Uno de los tantos artículos que se publicaron ante la muerte de El Sabalero:
El agua a los pies
Por Fernando D´addario
Quienes lo conocían –pero no tanto– solían bromear sobre el presunto sentimiento de indefensión que debía sufrir El Sabalero viviendo en Grolingen. De lejos, parecía una tortura autoinfligida para potenciar una melancolía que ya le venía dada en su mapa genético. Pero el tipo, que cumplía con creces las coordenadas indispensables para el más exigente uruguayómetro, decía sentirse a gusto en esa localidad del norte de Holanda porque al igual que en su pueblo, Juan Lacaze, tenía “el agua a los pies”. Agregaba, como si lo empujaran a justificar su extraño aclimatamiento europeo, que el holandés típico era (como se supone que es también el uruguayo típico) “sencillo y austero”. Más de un uruguayófilo porteño (porque está claro que esa devoción acrítica por la cultura oriental sólo se consigue de este lado del charco) hubiese pagado para verlo en acción: hablando en holandés de corrido, cocinando para sus botijas y para su mujer, siguiendo la campaña del Ajax en la Champion League.

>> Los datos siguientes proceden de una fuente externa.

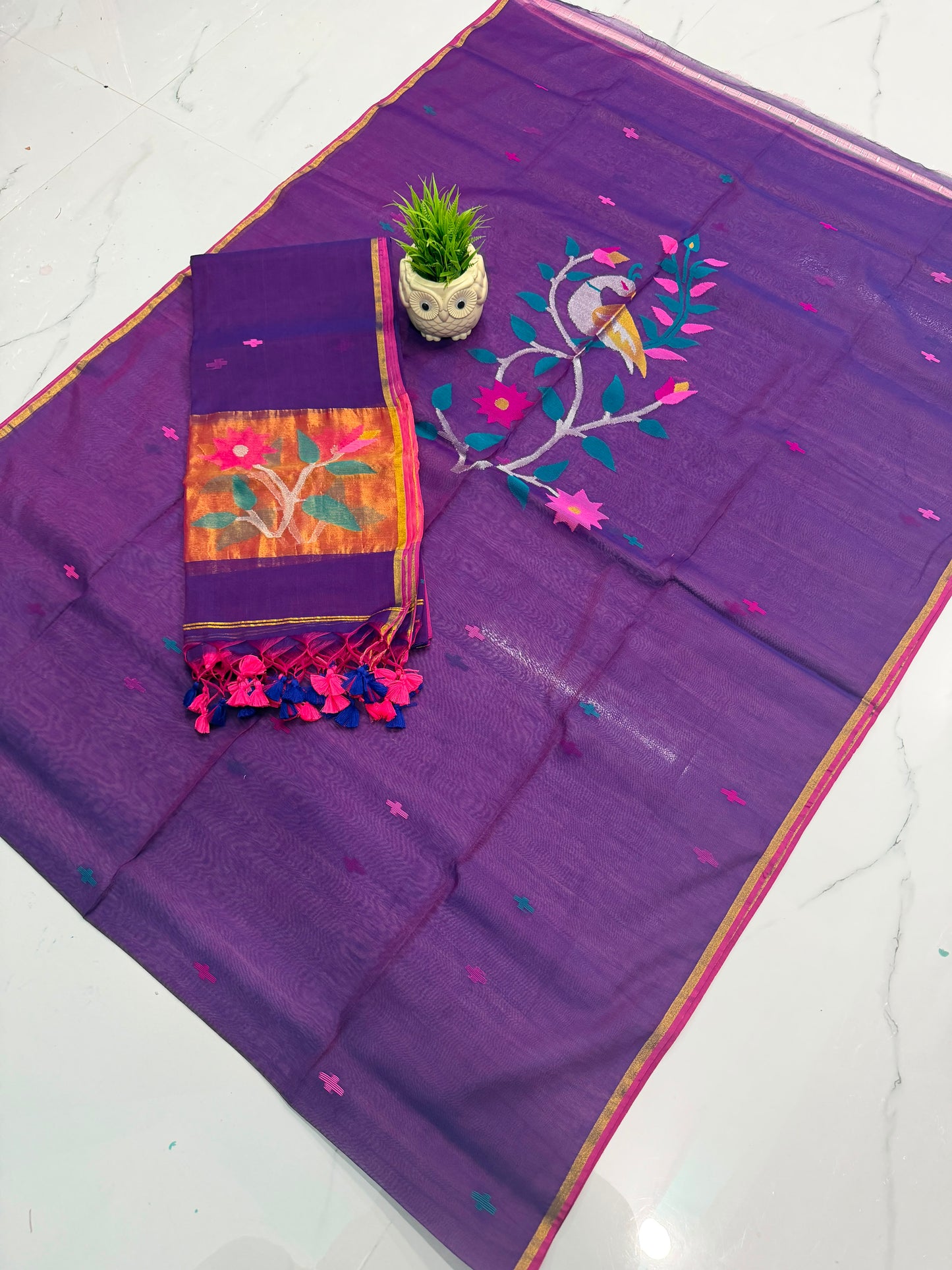 Shop the elegant Muslin Jamdani Top & Dupatta by Rihyaaz. Featuring a 2.6-meter top and 2.5-meter dupatta, this timeless handwoven ensemble celebrates Indian craftsmanship and graceful style.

Había una paradoja en la conexión que El Sabalero establecía con su público rioplatense; sus canciones provocaban en los fans una especie de nostalgia ajena, una sensación de desarraigo –aun para aquel que no salió nunca de su departamento en Buenos Aires– que tal vez él ya había naturalizado hacía tiempo. El sortilegio funcionaba. Será que en ese puñado de letras había bastante más que una distancia física marcada por el exilio. Acaso no nos habíamos dado cuenta de que El Sabalero ya era viejo (y/o sabio) a los 20 años, mucho antes de las derrotas de su generación. Mucho antes de que –sin consultarle nada– la vida confiara su figura pública a los dictados de la añoranza profesional. Recién ahora, que se murió, podemos decir que lo vamos a extrañar en serio.